A client is admitted to an inpatient crisis unit with the diagnosis of acute mania and has been placed in seclusion. The nurse is assigned to observe the client at all times. It is now time for the client's dinner. What action should the nurse take next? A. Accompany the client to the dining area and maintain observation B. Hold the meal until after the seclusion order has been discontinued C. Obtain a contract for safe behavior before accompanying the client to the dining area D. Serve the dinner in the seclusion room, maintaining observation

D. Serve the dinner in the seclusion room, maintaining observation Seclusion is ordered by a physician and requires continuous observation, unless the order is discontinued or amended. It is incorrect to amend the seclusion or mealtime. Meals can be eaten in the seclusion room with the nurse continuing the 1:1 observation. Meals must be offered on time and should not be withheld. Contracts for safe behavior are meaningless in the presence of psychotic behavior (mania).

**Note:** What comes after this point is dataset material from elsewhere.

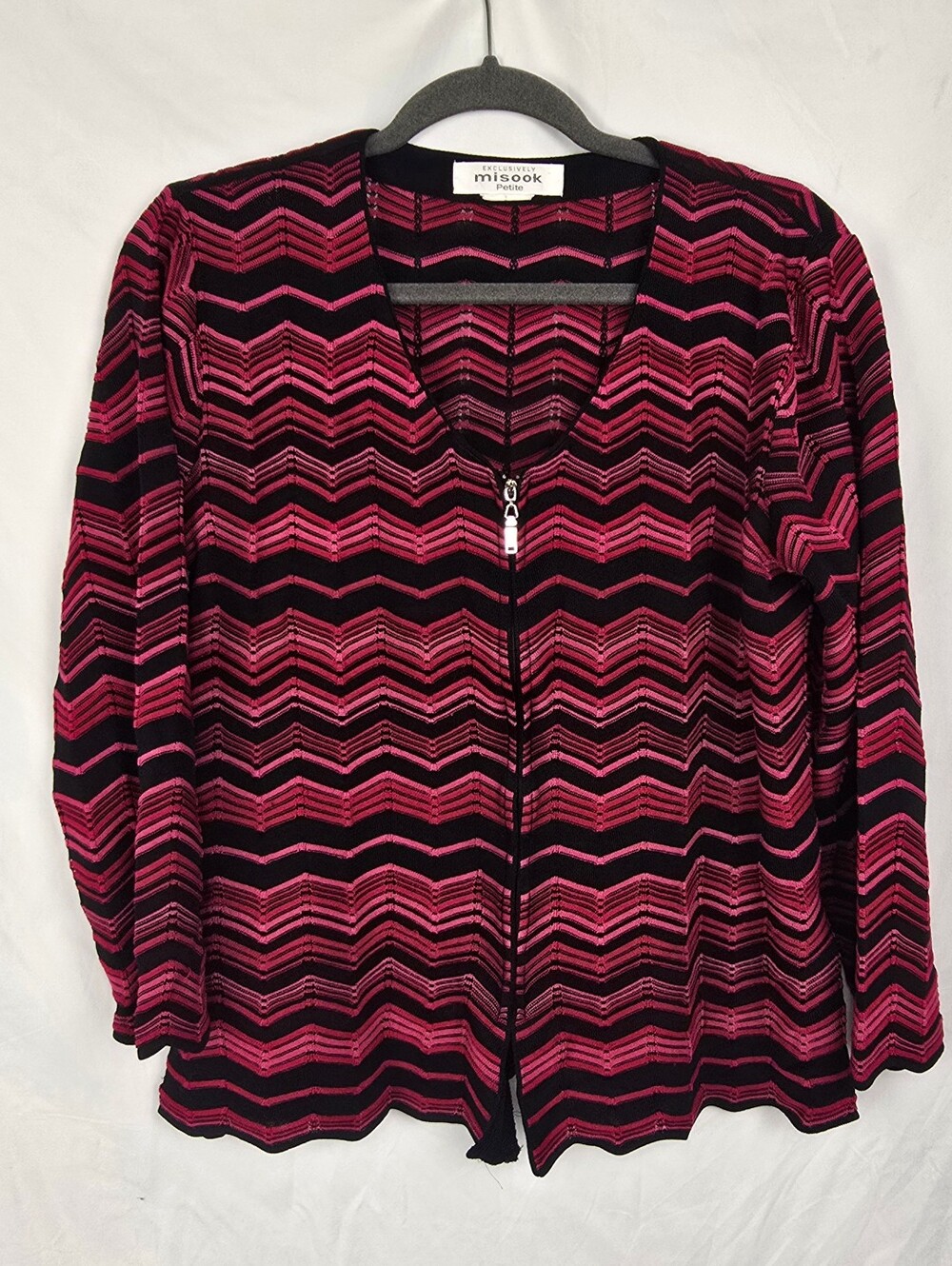 Exclusively Misook Red Pink Zipped Sweater Blazer Knit Cardigan sz L Petite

A client falls while in the nurse's care. What is the appropriate action the nurse should take first once the client is safe? A. The nurse will investigate the incident before reporting it B. The nurse will call a family member to report the incident C. The nurse will not report the incident because the patient was not injured D. The nurse will report the incident and fill out an incident report

D. The nurse will report the incident and fill out an incident report Once the client is safe, it is the nurse's responsibility to report the incident and fill out an incident report. Each health care organization has their own policy and procedure. It is not the job of the nurse to investigate the incident. Each health care organization has appointed individuals that investigate incidents. Further, even if the client was not injured or harmed during the incident, the incident still needs to be reported and an incident report needs to be completed. Finally, the nurse may call a family member but it is not first action they should take. Again, consult your policy and procedure manual for reporting sequence.

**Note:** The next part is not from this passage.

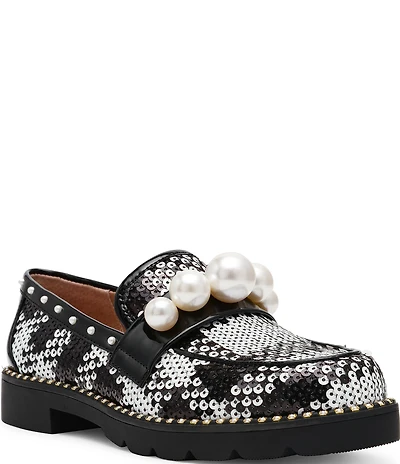 Betsey Johnson Harloe Sequin Plaid Fabric Pearl Embellished Loafers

Medical asepsis destroys all microorganisms and their spores. True or False?

False Medical asepsis helps prevent the transmission of microorganisms and surgical asepsis destroys all microorganisms and their spores.

The three elements of radiation protection are time, distance and shielding. True or false?

True The farther away you are from a radiation source, the less exposure; as a rule, if you double the distance, you reduce the exposure by a factor or four. The amount of radiation exposure typically increases with the time people spend near the source of radiation.